0.1.2 農耕・牧畜の開始と国家の誕生 世界史の教科書を最初から最後まで
約10000年前に氷期が終わると、地球は温暖化に向かっていく。
これ以降の時代を地質学的に「完新世」というよ。
ホモ・サピエンスは世界各地のさまざまな環境に適応する中で、前7000年頃の西アジアにおいて、土を耕すことによる麦の栽培と、ヤギ・ヒツジ・ウシの飼育が始まった。
土を耕して植物を栽培することを農耕、家畜をてなずけて飼育することを牧畜というよ。
これ以降の人間は、自然にあるものを狩猟と採集によって取る「獲得経済」をおくっていましたが、それまで以上に積極的に自然をコントロールし、食料を生産する生活を営むようになる。
これを生産経済というんだ。
これによって食料の生産がアップし、人口は急増。
以前から存在した定住集落も、しだいに大規模なものになっていった。
とはいえ初期の農耕は雨水だけにたより、肥料はもちいられないものだったから(乾地農法とか略奪農法という)、焼畑などによって移動をしながら耕作していたところも多かった。

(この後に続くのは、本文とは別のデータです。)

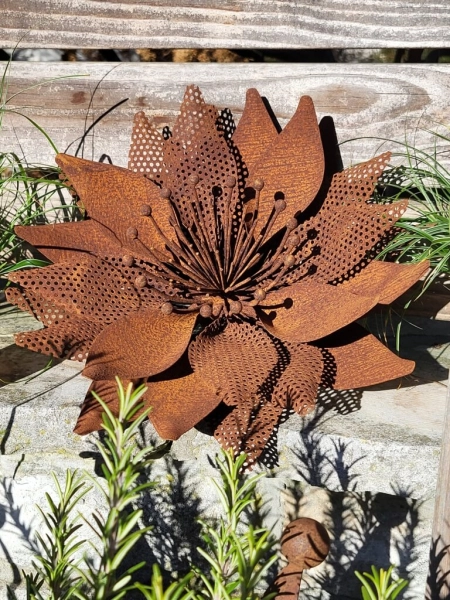 Edelrost Blume Adele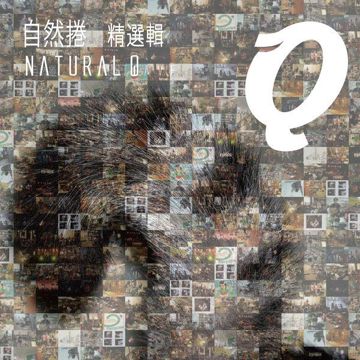 磨菇之歌-cover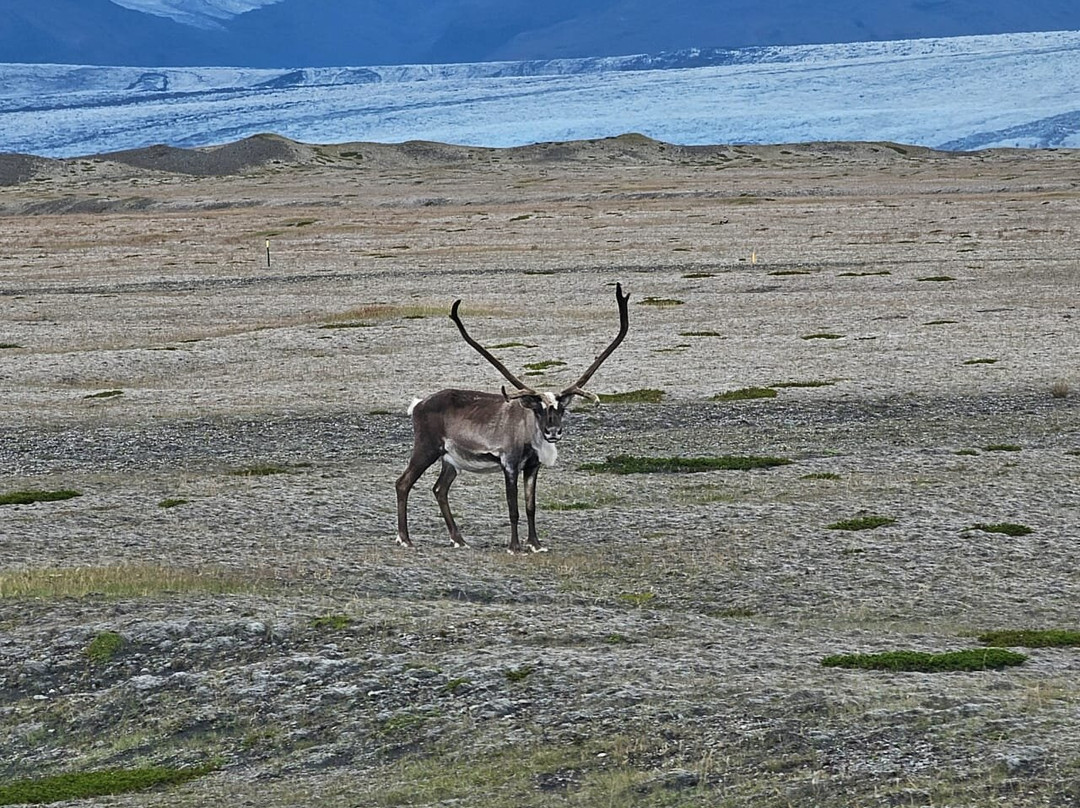 Traveo-雷克雅未克必去景点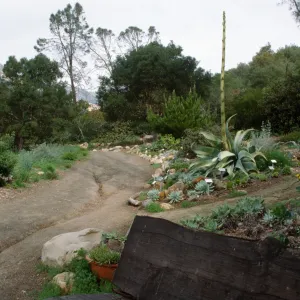 Wood bench along eastern Meadow path, Dudleya (liveforevers) Display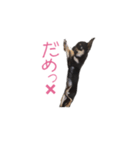 チワワのココ(日常会話2)（個別スタンプ：22）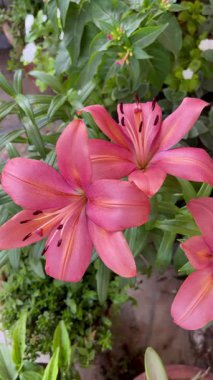 Pembe Zambaklar, Canlı Yapraklı Zarif Çiçek Çiçeği Görüntüsü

人間は織物や土器をつくり、そのデザインによって自分たちの「まとまり」を表現するようになっていく。
また、木々を伐採したり植物を刈り取るために石斧が作られ、穀物を加工するために石臼(いしうす)がつくられた。
これらの石器は刃先を鋭く加工され、磨製石器と呼ばれる。
磨製石器の出現を目印に、それ以前を旧石器時代、以降を新石器時代と区分する。
新石器時代の文化(新石器文化)は、アフリカ大陸やユーラシア大陸だけでなく、南北アメリカ大陸にも広まっていった。
その後、西アジアのメソポタミア(現在のイラクのあるところ)で、河川の水を利用した灌漑農業(かんがいのうぎょう)が発明されると、食糧生産は飛躍的にアップし、やしなうことのできる人口も急増。
少数の支配層が食料生産による収穫物をコントロールすることで、特定のエリアにいる人々・家畜を囲い込み、統一的に支配する国家という組織が生まれることとなった。
「国家」は話し言葉では「国」(くに)と呼んでもいい。
ただし現在の国とは違って、当時の国の領域はとっても狭い。
「面」的な広がりを持つ現在の国とは違い、当時の国は都市(=「点」)とその周辺の限られたエリアを支配する都市国家だった。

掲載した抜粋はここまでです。